Lookout for Danger Signs
Evaluating the menu thoroughly is an important step in making a healthier food choice. Browsing online before you go is even better and can give you a better idea of what options you have. Examine everything written carefully, and lookout for red flags that might indicate higher caloric value such as descriptive words like crispy, creamy, breaded, fried, etc. Always opt for foods that are steamed, grilled, or broiled. These cooking methods are always going to be the healthiest with fewer calories.
Think Before You Drink
Many times, we are so focused on the actual meal that we forget that our drinks have calories too! And those calories can rack up very quickly. For example: one regular serving of sweet tea can add a whopping 200-250 calories to your daily intake. This means, that consuming just a couple of glasses during your meal may equal a meal in itself. The calorie count often climbs even higher with soda, mixed alcohol drinks, and so forth. A good tip to keep those calories at bay is to drink water. Water is calorie free and will fill you up while helping you eat less.
Add a Soup or Salad
Another way to keep from overindulging is to ask for a broth based soup or a salad prior to your meal. (In many restaurants, it may already be included with your entrée order). Because broth is made up mostly of water and lettuce is bulky in nature, both of these foods are more filling and can keep you from overdoing it when your meal actually makes its debut.
Don’t Be Afraid to Make the Meal Your Own
Don’t be reluctant to ask to have a meal the way you want it. As long as you’re polite, what’s the worst that can happen ? They can’t do it, and you have to pick something else. Replacing foods like french fries with a vegetable is a huge calorie saving move. Also, if you decide to order a salad, keep in mind, that loading a salad down with excess condiments and high fat dressing will not be beneficial to you in the least. Always ask for a low calorie dressing and have it placed on the side. You’ll tend to eat less of it that way. Restaurants always tend to give more dressing than we really need, and if it’s mixed in, there’s no way to prevent you from consuming every bit of those extra calories when all you ate was salad!
Another way to customize your calorie intake is to ask for a take out box as soon as you receive your meal. Many times, we finish our plate just because its there, whether we were actually really hungry or not. Boxing up half of the entrée before eating can cut your calories tremendously and also give you lunch the next day.

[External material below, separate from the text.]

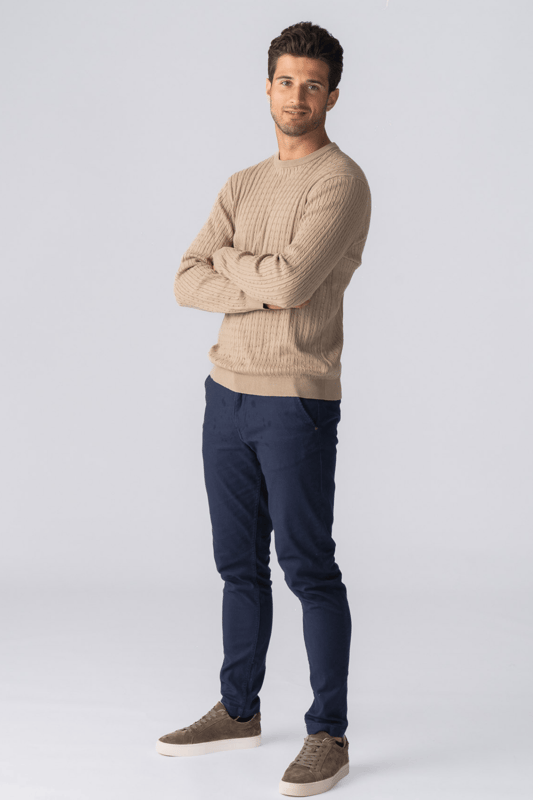 Jersey de punto trenzado para hombre: arena, comodidad inigualable Estilo atemporal para el hombre moderno Sumérgete en la sofisticación y la comodidad con nuestro jersey de punto trenzado para hombre. Esta exquisita pieza está diseñada para combinar el encanto atemporal de los patrones clásicos de tejido trenzado con el estilo y la comodidad modernos. Perfecto para cualquier ocasión, este jersey es una adición imprescindible al guardarropa de todo hombre. Características principales Tejido de primera calidad: confeccionado con materiales de alta calidad, nuestro jersey de punto trenzado garantiza durabilidad y una sensación suave y lujosa contra la piel. Diseño clásico de tejido trenzado: el intrincado patrón de tejido trenzado ofrece una estética atemporal que nunca pasa de moda. Estilo versátil: Adecuado tanto para ocasiones informales como semiformales, este jersey combina sin esfuerzo con jeans, chinos o pantalones de vestir. Comodidad Ajuste: Diseñado con un ajuste cómodo y relajado que permite colocarlo fácilmente sobre camisas o debajo de chaquetas. Dobladillo y puños acanalados: Mejorado con dobladillo y puños acanalados para un ajuste cómodo que mantiene el calor dentro y el frío fuera. Cuidado fácil: este jersey se puede lavar a máquina, lo que lo hace conveniente para mantener su apariencia y tacto impecables.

It’s a win-win.
Watch Your Portions
Portion control is sometimes easier said that done, but it’s important to take the time to really realize how much you are actually taking in. A good rule to follow is to consume an amount of pasta no bigger than your fist and a meat/protein no bigger than the palm of your hand. Many people find that ordering an appetizer or a small plate as a meal is often just the perfect size.
Take it Slow
We’ve all heard this rule before, but there really is so much truth to it. When we eat too quickly, we often eat much more than we need to. It takes the brain roughly 20-30 minutes to relay the message that the stomach is full. So take it slow. Use the time you have being out to enjoy the break and the people around you.
Paying attention to food choices while eating out can really save you from a lot of unexpected weight gain. It’s all about deciding when to splurge and when to make sure you’re ordering smart. It’s crucial to have a healthy plan, and make yourself stick to it.